▸ **TASK INSTRUCTIONS**: For this listing, reproduce the line with "Rustic earthy colored", the line with "409 Silverwood Cir, Branson", and the lines between, exactly as they stand. Leave out pictures and all other lines.

▸ **DATA SECTION**:
----------------------------------------

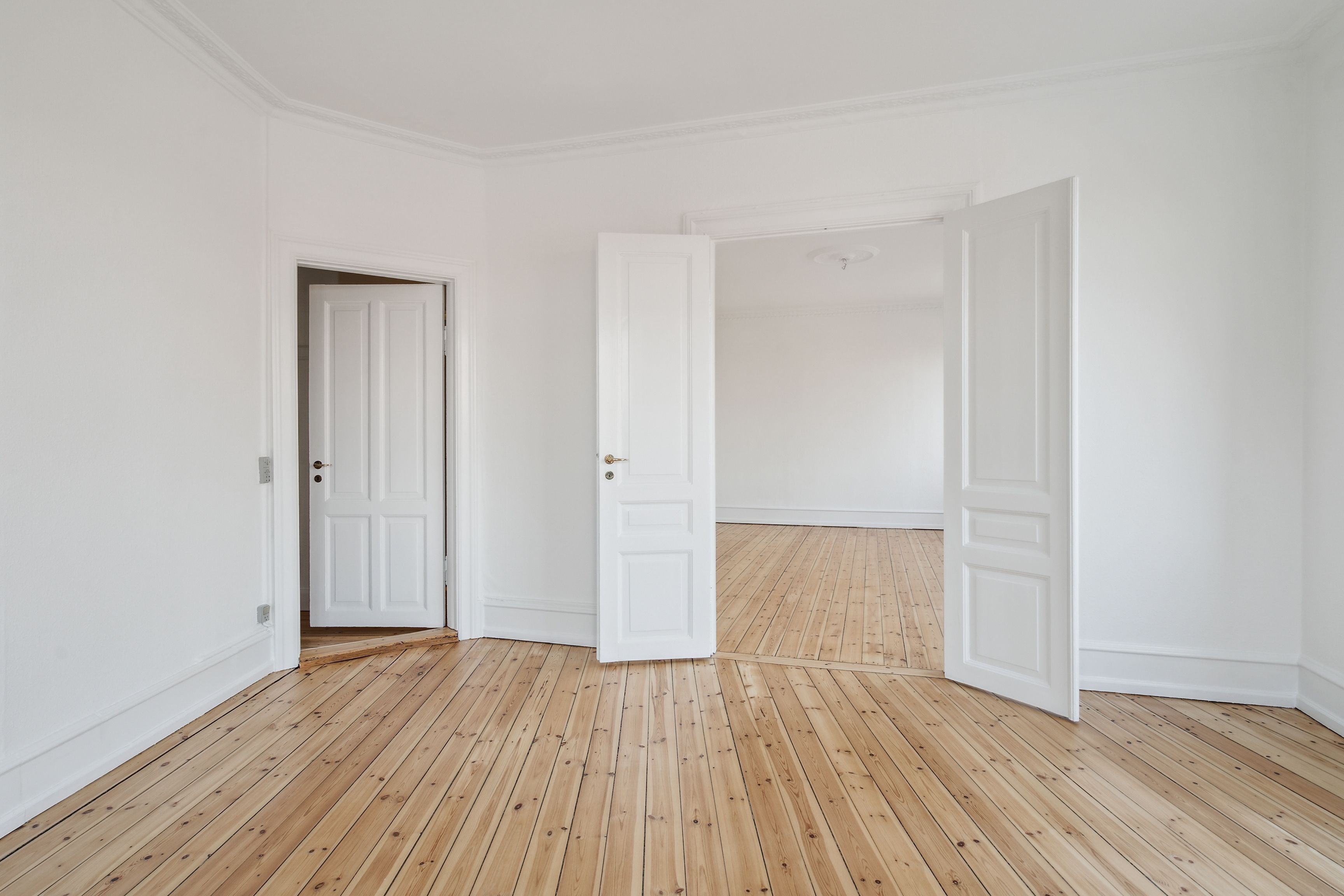 To store hvide døre og en lille dør er åbne i en stor, tom stue med lyse, trægulve og hvide vægge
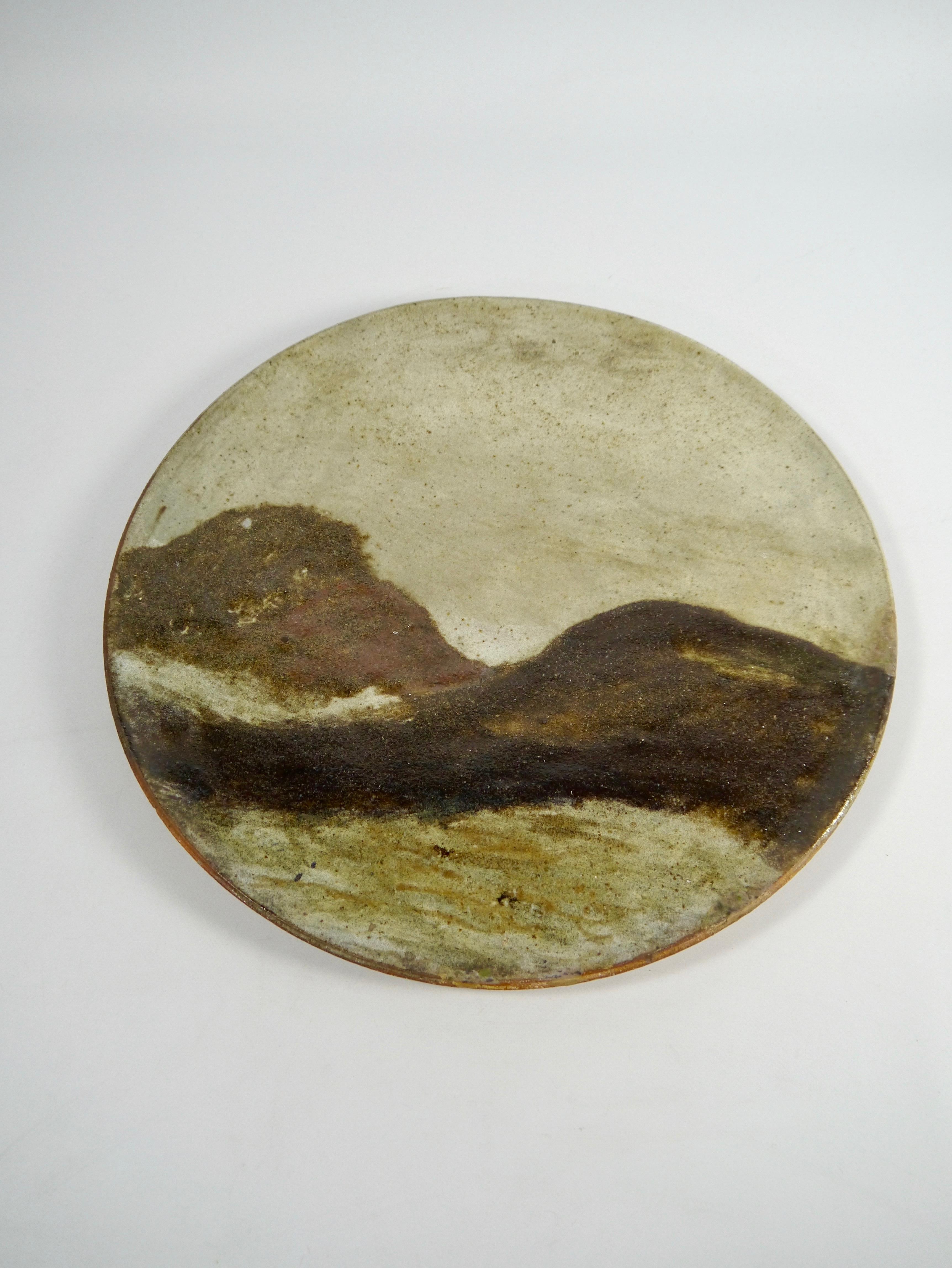 Rustic earthy colored tones ceramic platter (prepared for wall-mounting), made by Norwegian ceramist Osvald Osmundsen in the 1970s. Ondulated shapes, reminiscent of the yin-yang symbol or a wave or a landscape... Rustic, wabi-sabi, boho chic. 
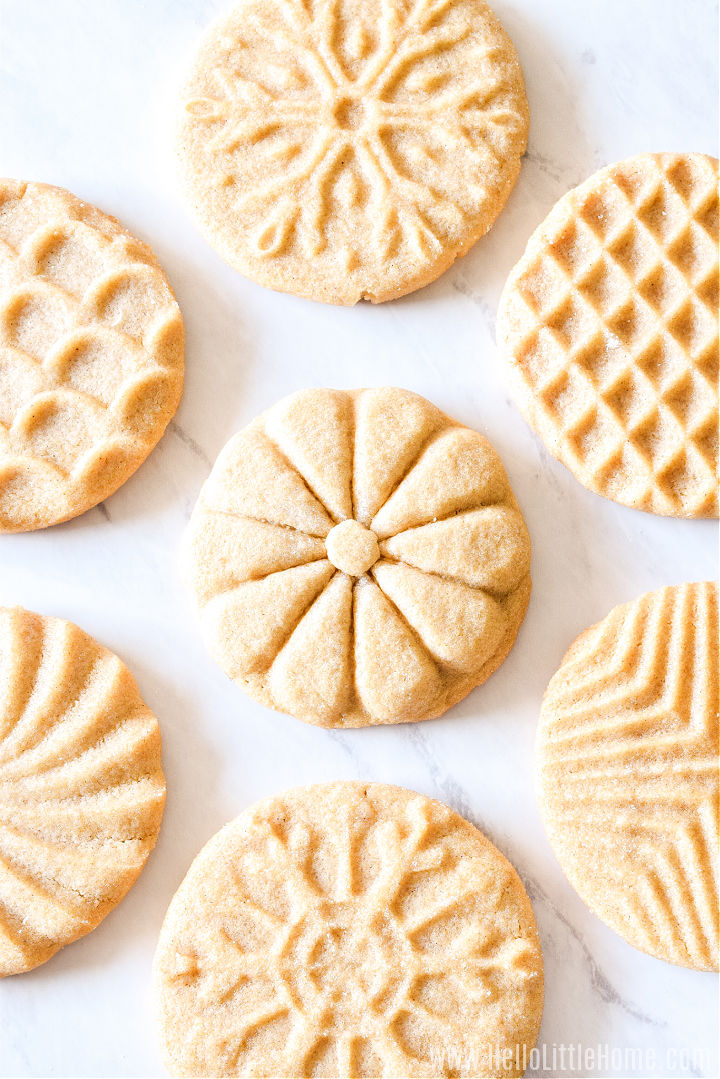 Sugar cookies with different patterns arranged on a marble counter.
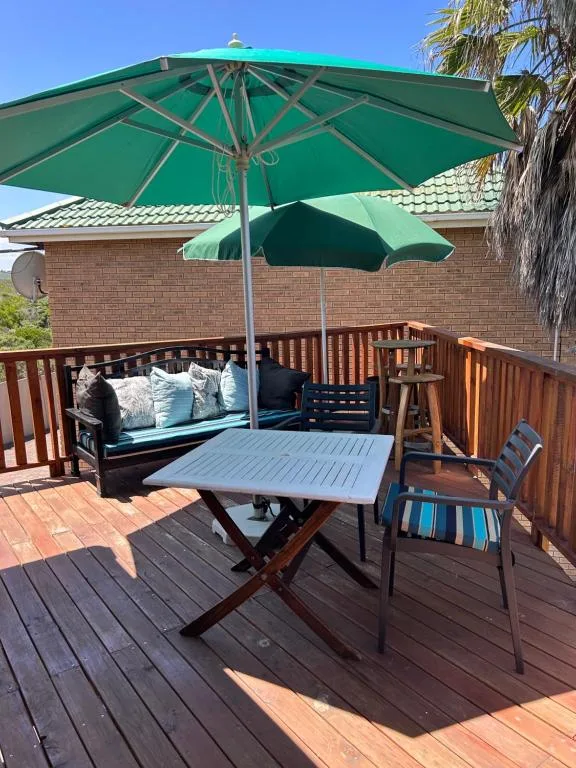 Wooden deck with dining table, cushioned bench seating, and green umbrella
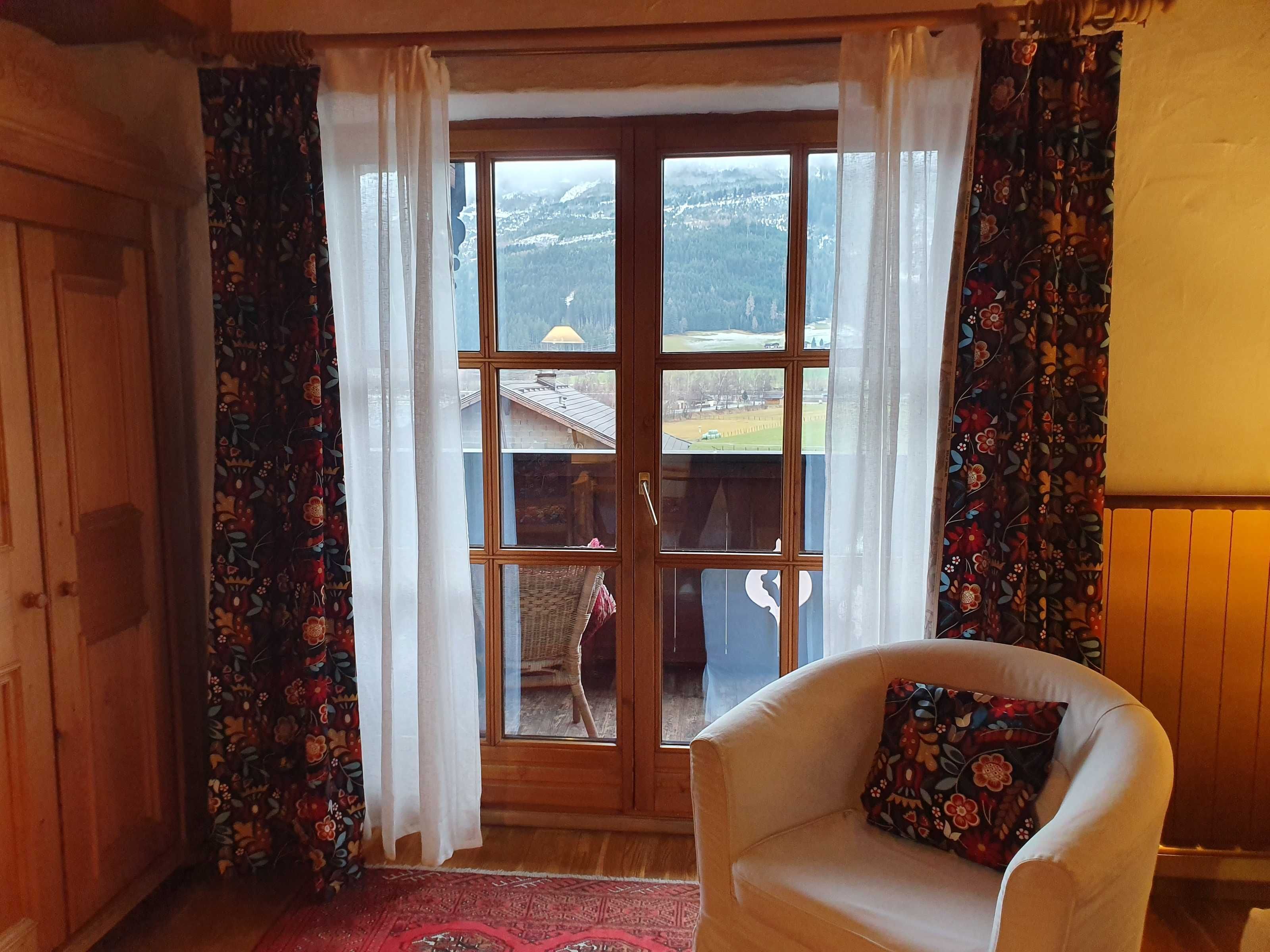 A room with a large window, a wooden door, a white armchair, and a patterned rug.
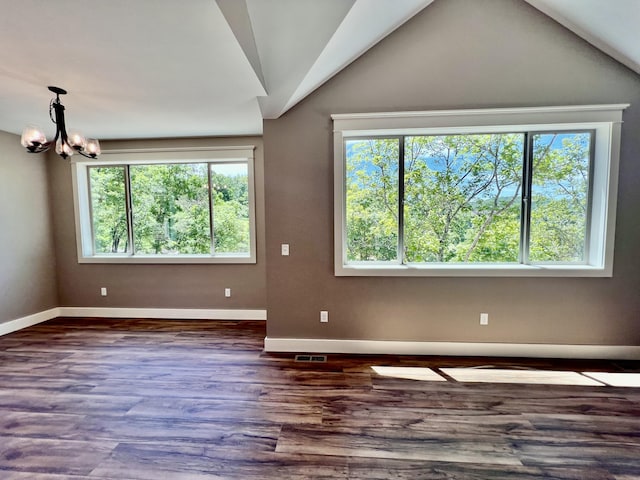 409 Silverwood Cir, Branson West, MO 65737 - empty room featuring a chandelier, baseboards, wood finished floors, and vaulted ceiling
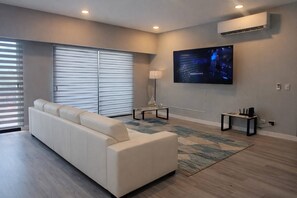 A modern living room with a sofa, a flat-screen TV, a lamp, and a small table. - Modern 3BR Condo in JacoBay - Walk to the beach 2blocks (Jaco)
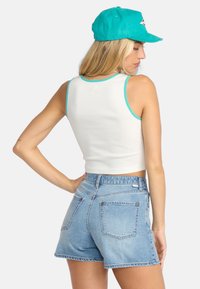 White cropped tank top with turquoise accents paired with light blue denim shorts. The fabric is soft with a slight stretch.
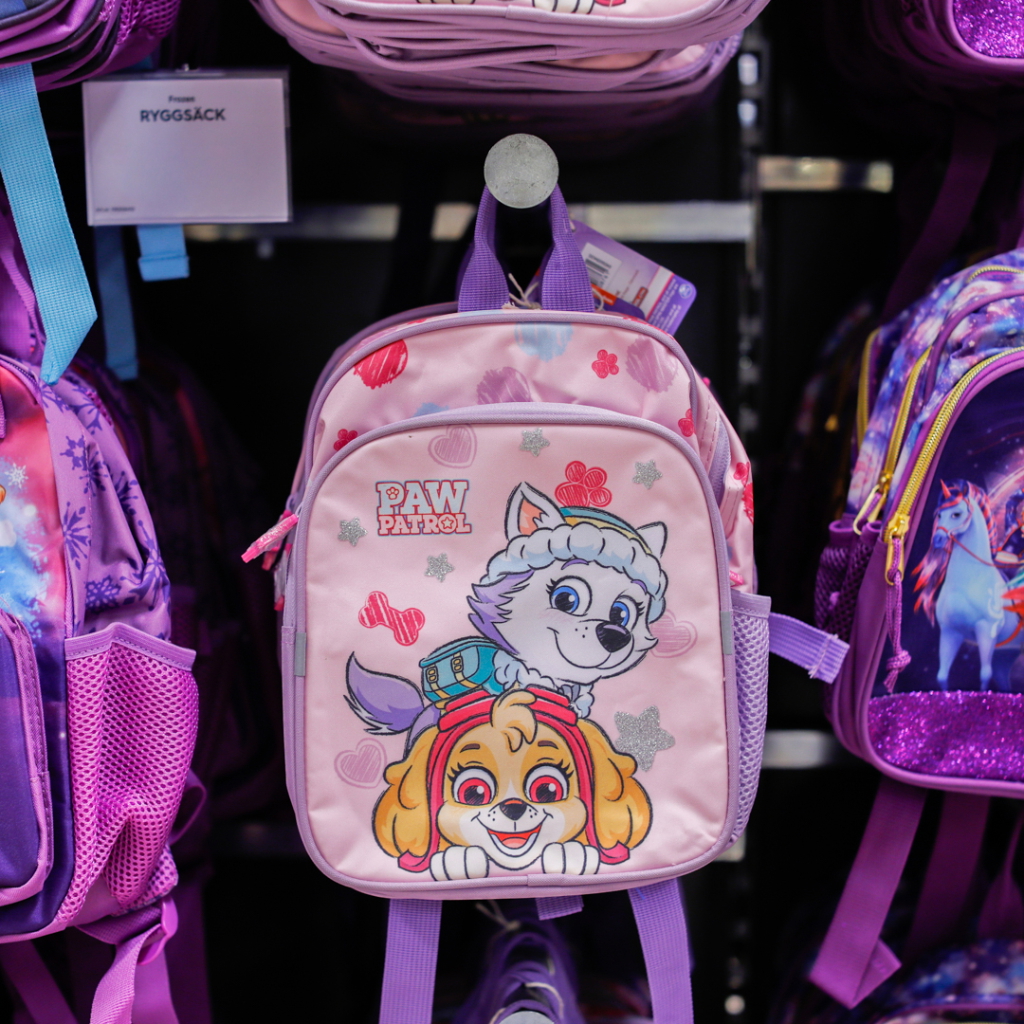 Rosa ryggsäck med Paw Patrol-tema, prydd med karaktärerna Skye och Everest, hängande bland andra väskor i en butik.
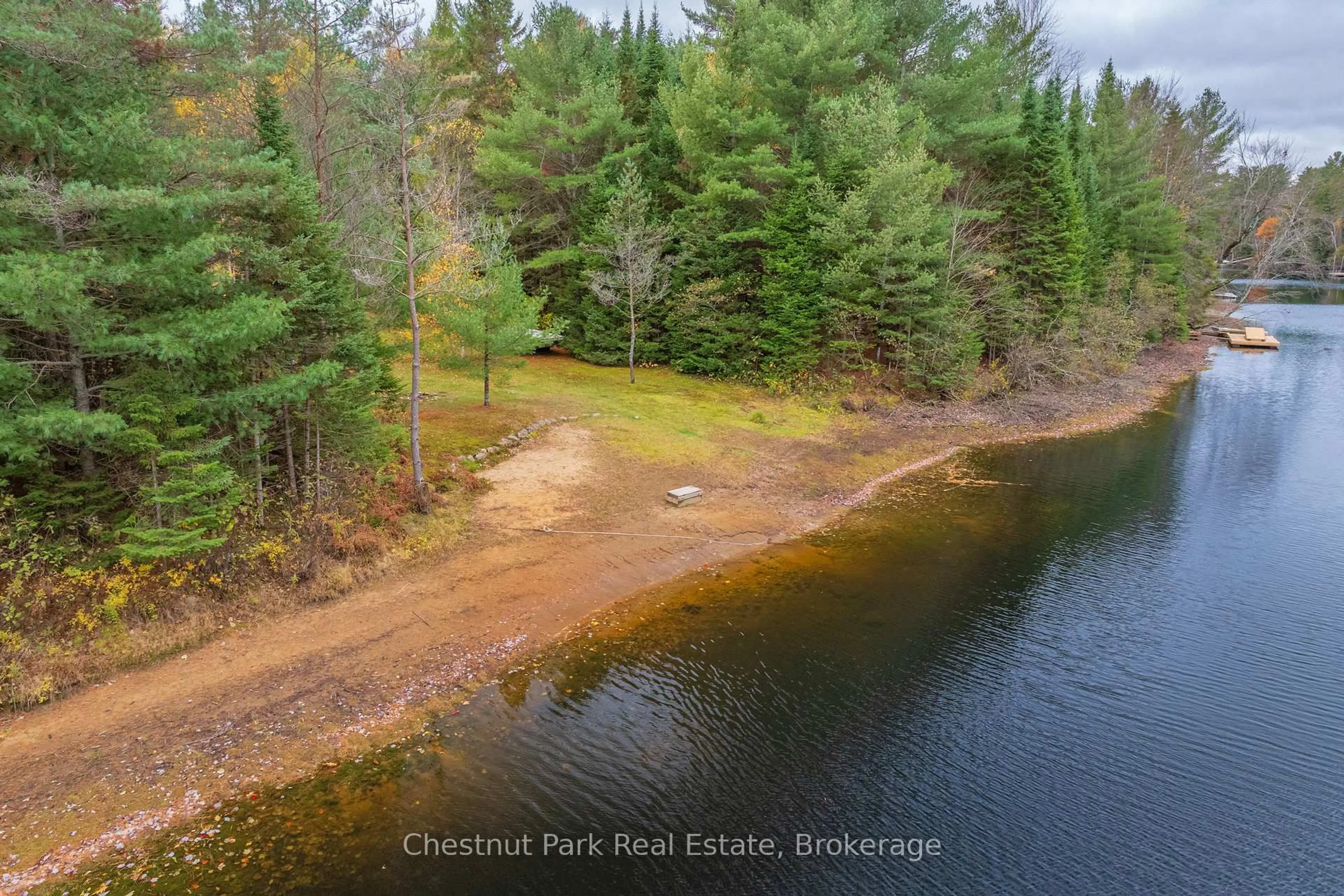 A pic from outside/outdoor area/front of a property/back of a property/a pic from drone, water/lake/river/ocean view for 529 Balsam Chutes Rd, Huntsville Ontario P0B 1L0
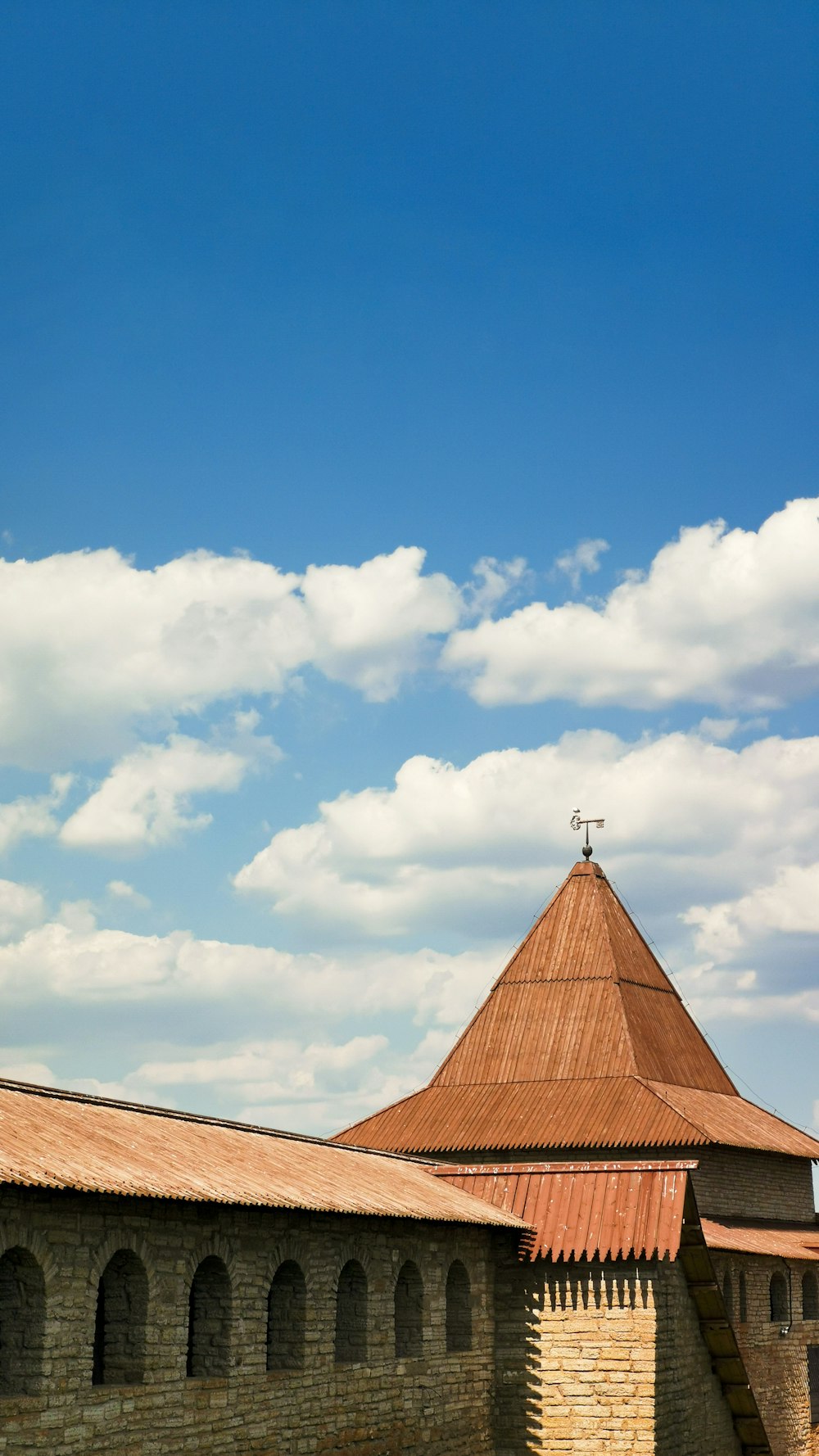 a building with a tower and a cross on top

----------------------------------------

▸ **TASK ANSWER**:
 Rustic earthy colored tones ceramic platter (prepared for wall-mounting), made by Norwegian ceramist Osvald Osmundsen in the 1970s. Ondulated shapes, reminiscent of the yin-yang symbol or a wave or a landscape... Rustic, wabi-sabi, boho chic. 
 Sugar cookies with different patterns arranged on a marble counter.
 Wooden deck with dining table, cushioned bench seating, and green umbrella
 A room with a large window, a wooden door, a white armchair, and a patterned rug.
 409 Silverwood Cir, Branson West, MO 65737 - empty room featuring a chandelier, baseboards, wood finished floors, and vaulted ceiling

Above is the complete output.